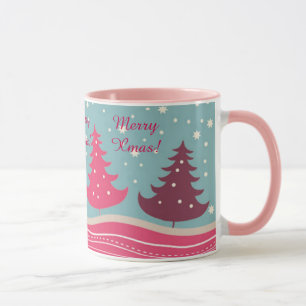 Pretty Pink Retro Merry Christmas Tree, Girly Mug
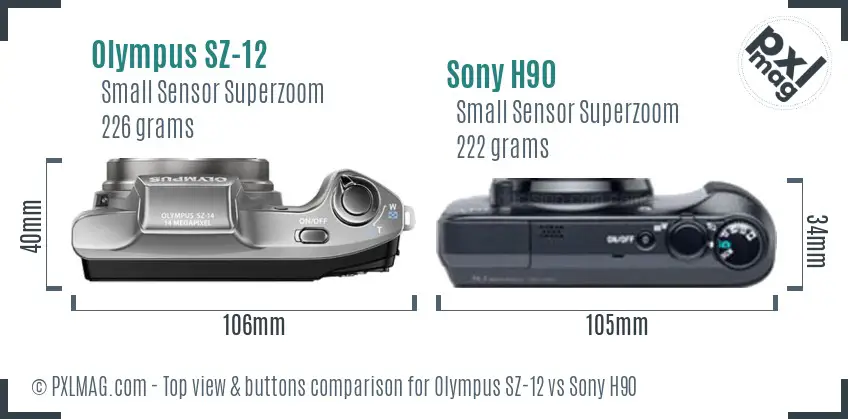Olympus SZ-12 vs Sony H90 top view buttons comparison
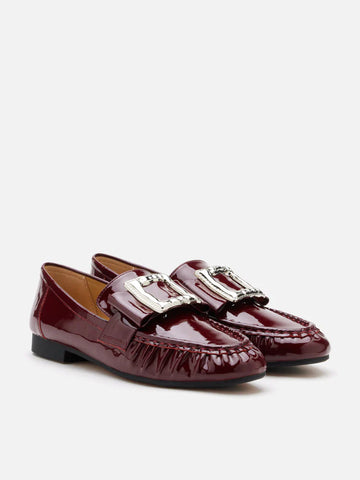 Calista Patent Leather Buckled Bow Loafers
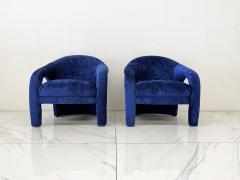  Weiman Elephant Chairs by Weiman style of Vladimir Kagan in Blue Velvet 1990s - 4505467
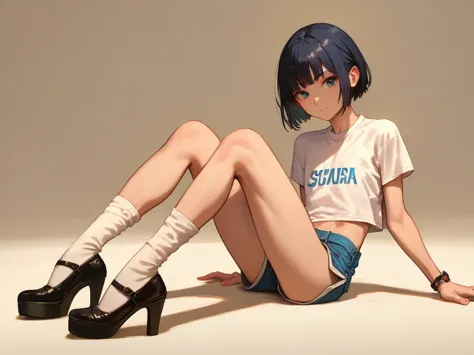 score_9, score_8_up, score_7_up, Anatomically Correct, 1 girl, short hair with bangs, (flat chest), (skinny body) , cropped t-shirt , shorts,  knee-high socks, black high heels,, sitting on the floor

### EXERCISE OBJECTIVE
A verbatim copy of the listing, with all pictures removed, is required.

### FINAL ANSWER
 Pretty Pink Retro Merry Christmas Tree, Girly Mug
Olympus SZ-12 vs Sony H90 top view buttons comparison
 Calista Patent Leather Buckled Bow Loafers
  Weiman Elephant Chairs by Weiman style of Vladimir Kagan in Blue Velvet 1990s - 4505467
 score_9, score_8_up, score_7_up, Anatomically Correct, 1 girl, short hair with bangs, (flat chest), (skinny body) , cropped t-shirt , shorts,  knee-high socks, black high heels,, sitting on the floor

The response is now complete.